今回は、まだまだ株が元気なので可能な限り採種したいです。


ビオラ・ドビュヤナ
イタリアのアルプス原産。大きな花の原種です。夏越しをした株から採種して育苗したものとのこと。
これも以前分けてもらったのですが、グリセバチアナと同様で発芽に至りませんでした。
以前の花はもっと細くて小さいイメージがあるのですが、今回はコルシカと間違えるくらいにそっくりです。
コルシカ、ベルトロニーこれらは非常に似たグループで判別が難しいです。
ビオラ・ストジャノウィ
バルカン半島原産の原種です。レモンイエローの極小輪、茎葉に産毛が顕著で横に這います。97年の種から育苗した株とのこと。
以上、3点を分けていただきました。
どれも貴重な原種で、まだ上の2種は本格的に育種には利用されていません。ですから、これは是非とも使ってみたいですね。
さてさて、原種ついでに私が維持している原種と原種同士の交配系統をご紹介!
ビオラ・ベルトロニー
外国から種子で導入したものです。ね、ドビュヤナと似ているでしょう?
個体差もあるのかもしれませんが、ベルトロニーの方が葉は細めで産毛が目立ちます。
左:ドビュヤナ、右:ベルトロニー
画像では色目が同じですがベルトロニーの方がよりパープル味を帯びています。
ベルトロニーには唇弁にノッチと呼ばれるくさび形の切れ込みがあると資料には書かれていますが、あるようなないような・・・。それがはっきりと確認できません。
いやー、判別って本当に難しいですね。
以下が原種同士の交配。ストジャノウィ×アルベンシスの後代です。
ストジャアル Å系
白からブルーのチェンジングカラーの極々小輪。
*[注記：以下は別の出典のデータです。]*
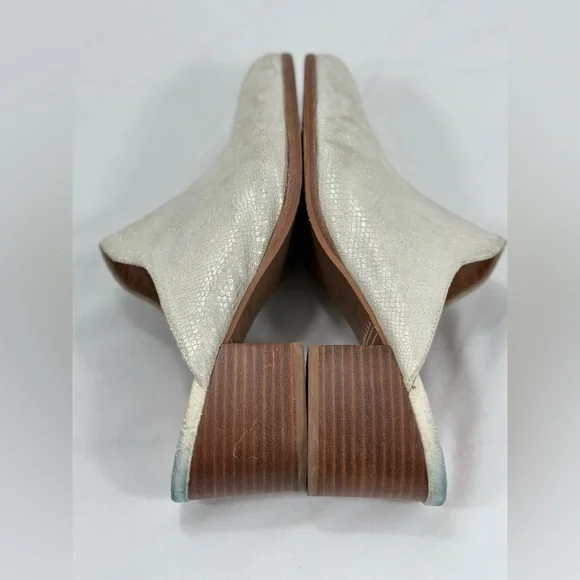 Mules - Picture 9 of 12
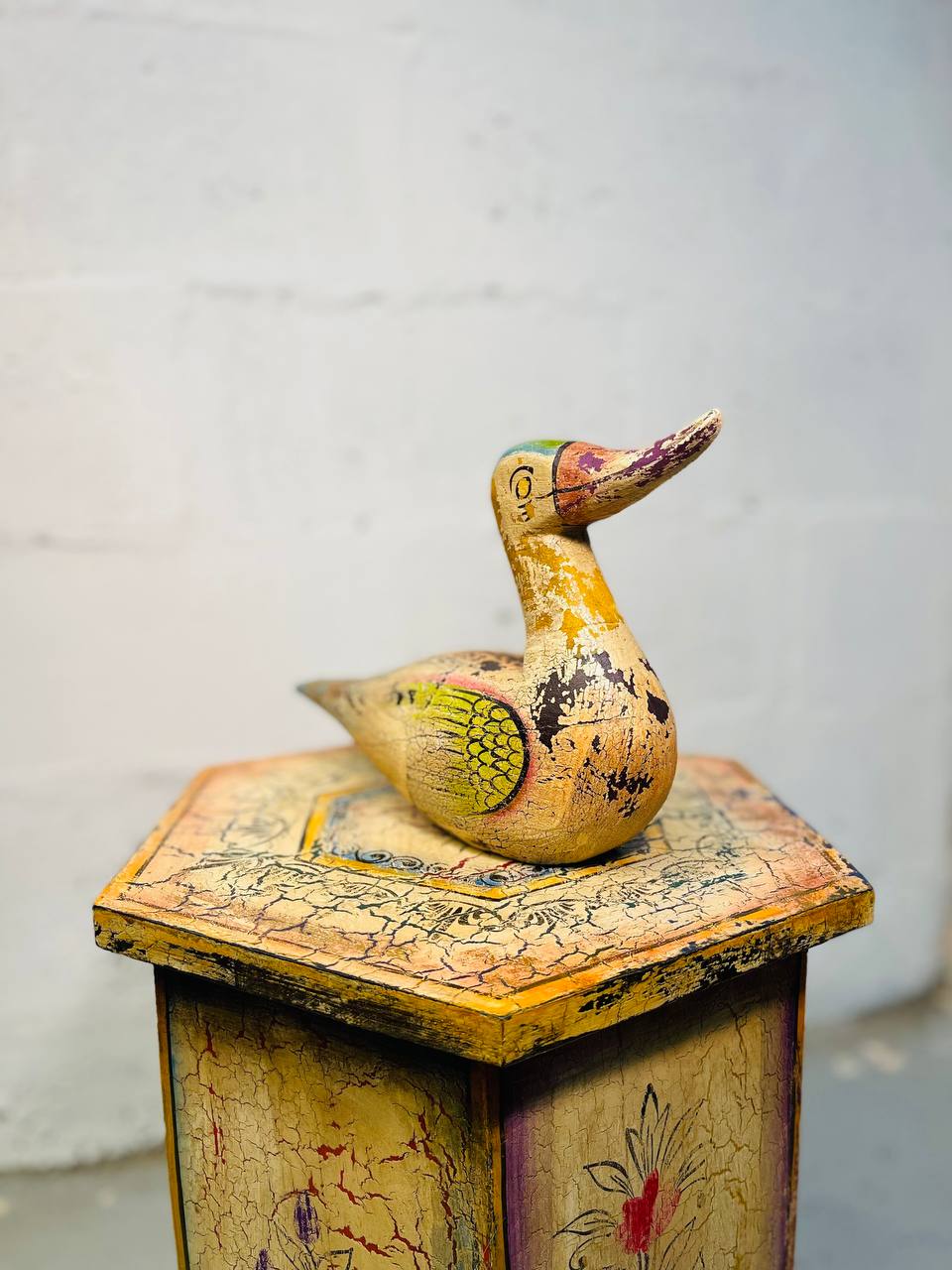 Figura de Madera Tallada en Forma de Pato Vintage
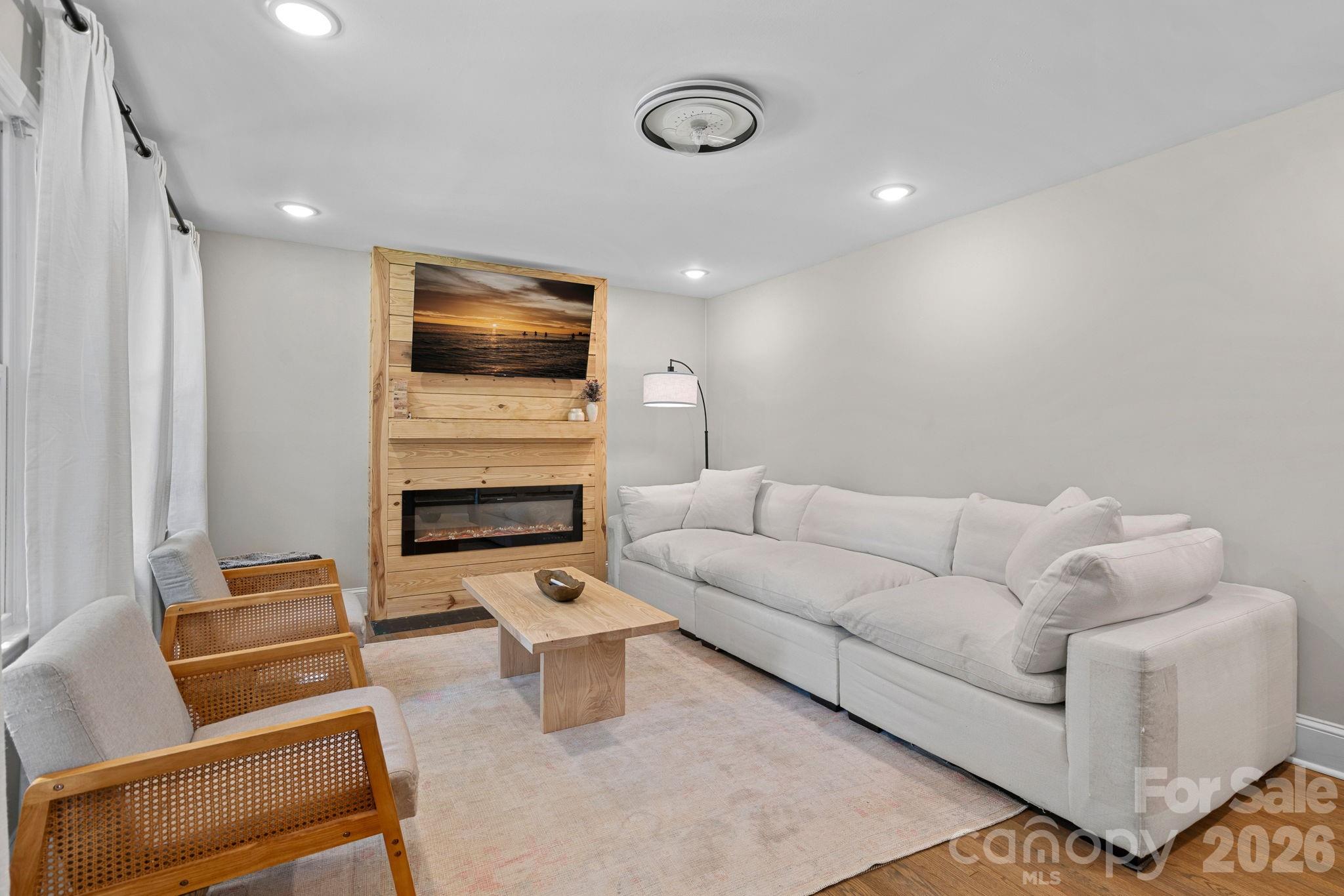 1036 Cutler Place Property Photo 3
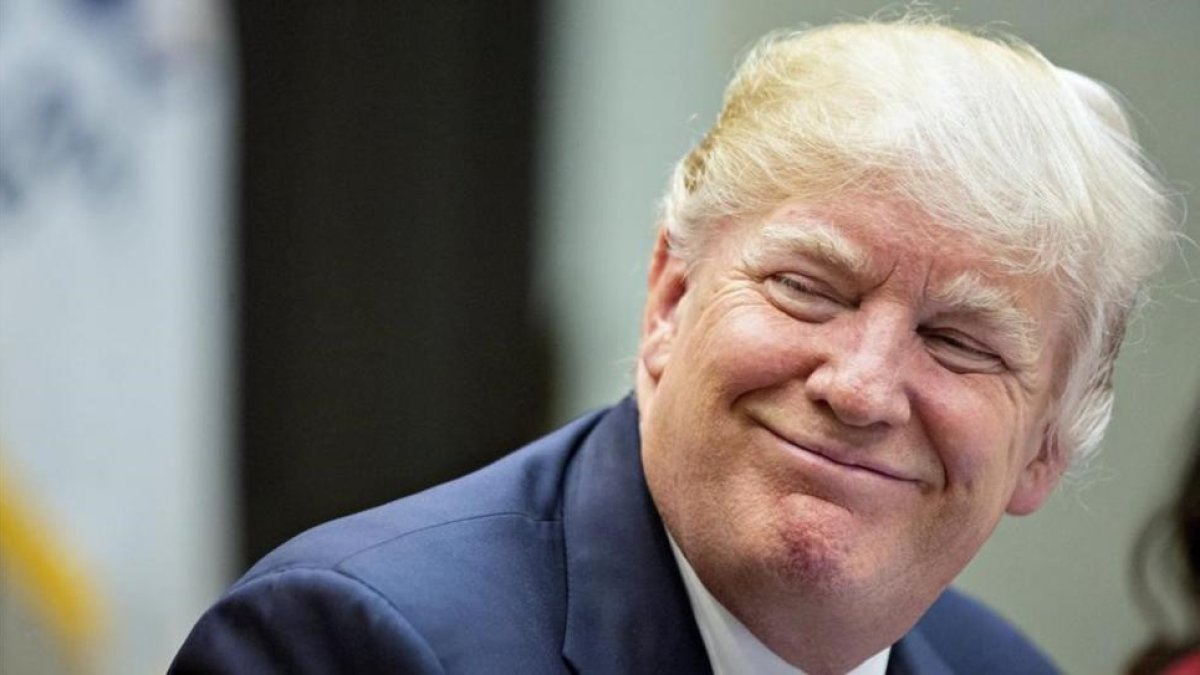 El presidente de Estados Unidos, Donald Trump, durante un encuentro con mujeres propietarias de pequeñas empresas.-ANDREW HARRER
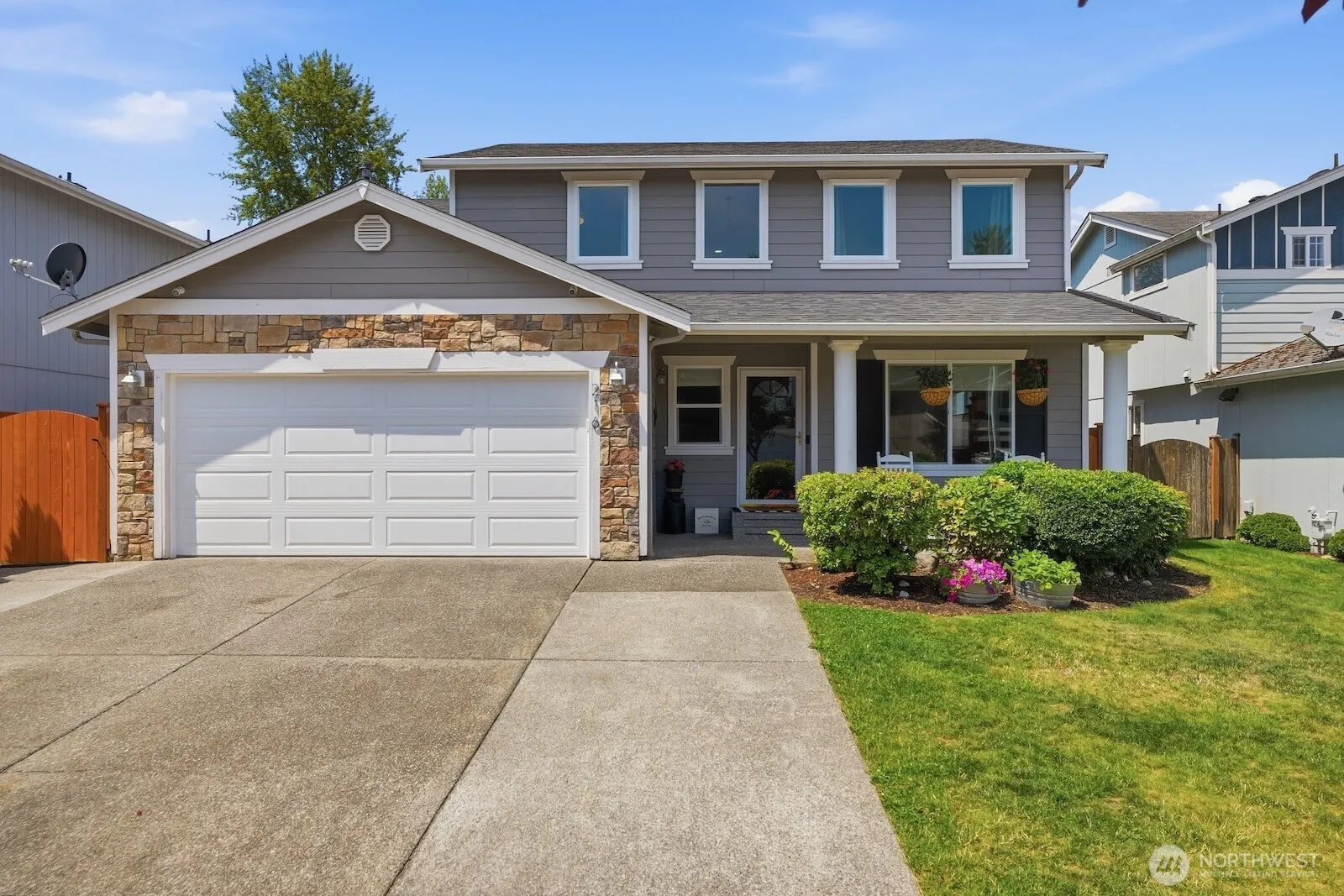 Property photo for 216 119th Drive Se, Lake Stevens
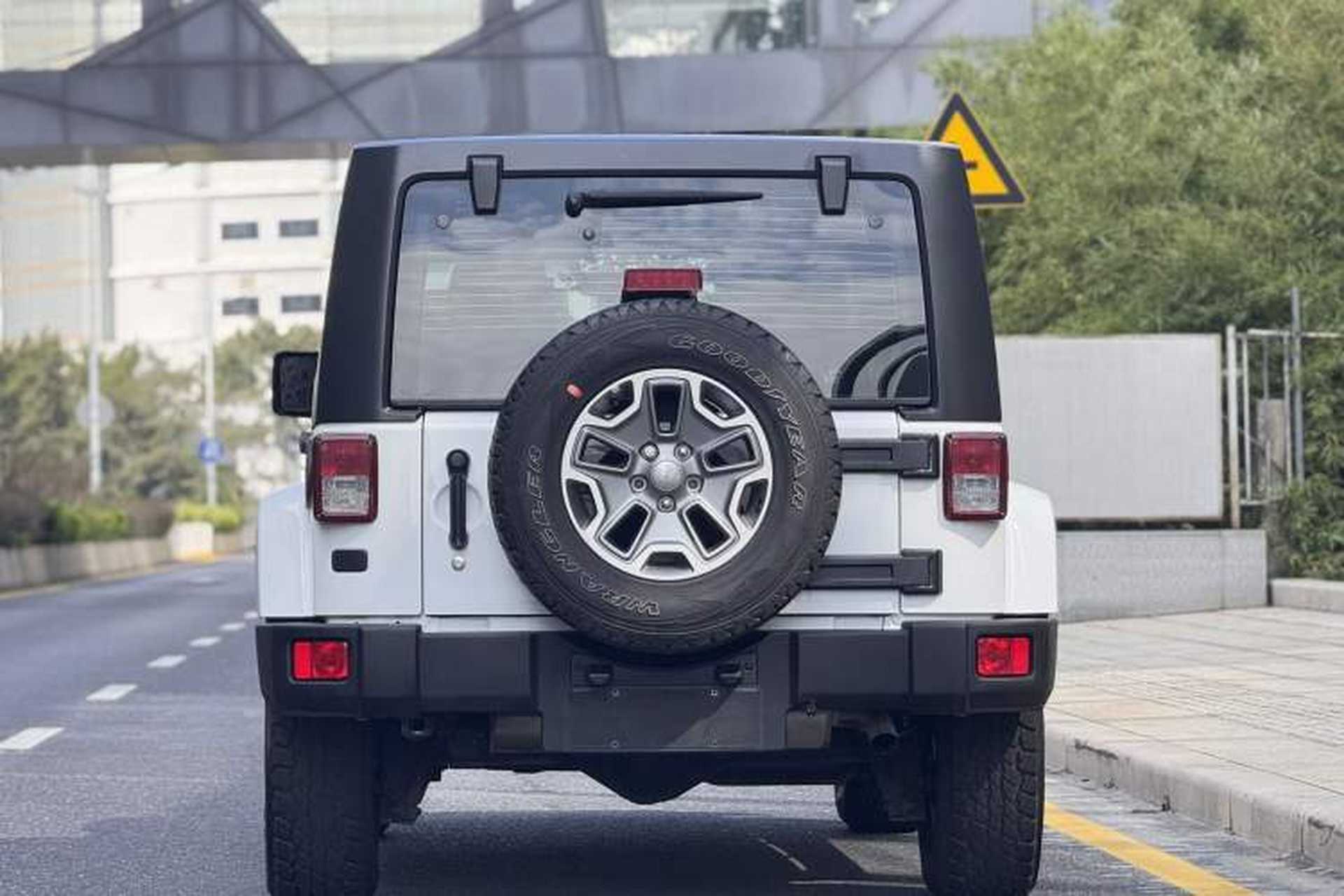 Used Jeep Wrangler 2015 3.0L Sahara Four-Door Comfort Edition Exterior 4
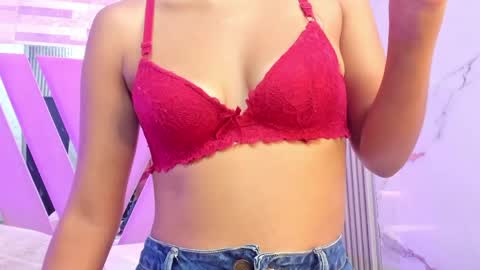 Snapshot of amberr_sweett chatting on April 1, 6:49 pm Amber online show from April 1, 6:49 pm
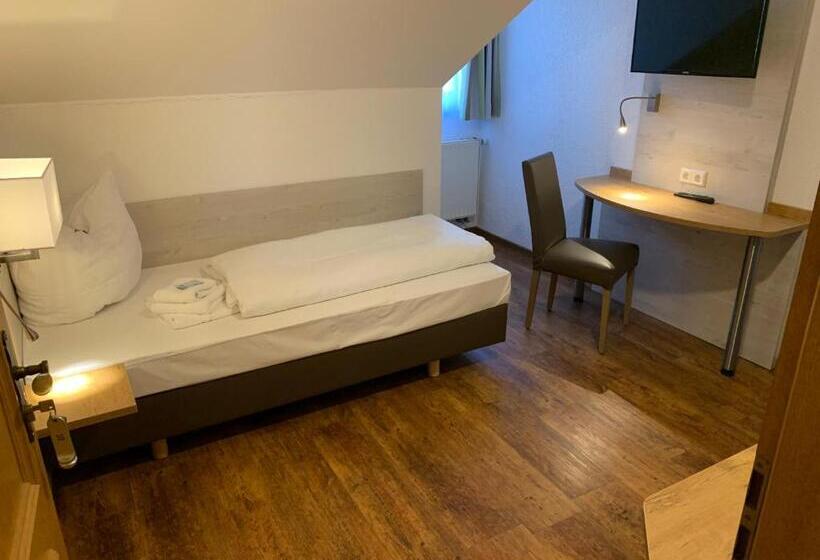 酒店 Waibstadter Hof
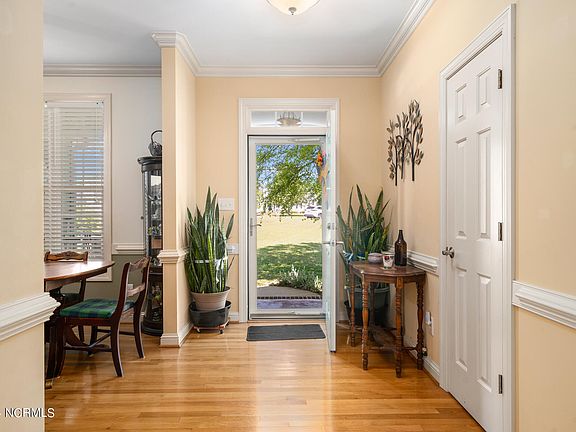 4th image of 1217 Woodridge Court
這性で葉には産毛があります。
この2種を交配したらこうなるだろなと、イメージそのものの系統です。
ストジャノウィとアルベンシスの交配ですから、まんま呼び名は「ストジャアル」としています(笑)。
原種同士の交配だからこれで固まるかと思いきや、さにあらず!F2以降違ったものが分離してきました!
ストジャアル B系
クリームホワイトの極々小輪。葉に産毛はほとんど目立ちません。這性ではなくやや立性。
ストジャアル C系
ホワイトからかすかにブルーのチェンジング、極々小輪。這性傾向、産毛は目立たず。ステムが長い。
これらの3系統、花は同じ感じですが株の形状が全く違います。原種同士の交配の後代なんですよ。それからの変化ってあまりないのが通常じゃありません?
でも、この時点でこれだけの変化が・・・。全く不思議!
でも、要はこういうことかと・・・。つまり、この変化の多様性が現在の品種の多様性に繋がっているですよ、きっと!
私の育種の原点はアルベンシス(原種)の利用。せっかく原種がそろったのですから、今回は原点回帰で交配に使って行こうと考えています。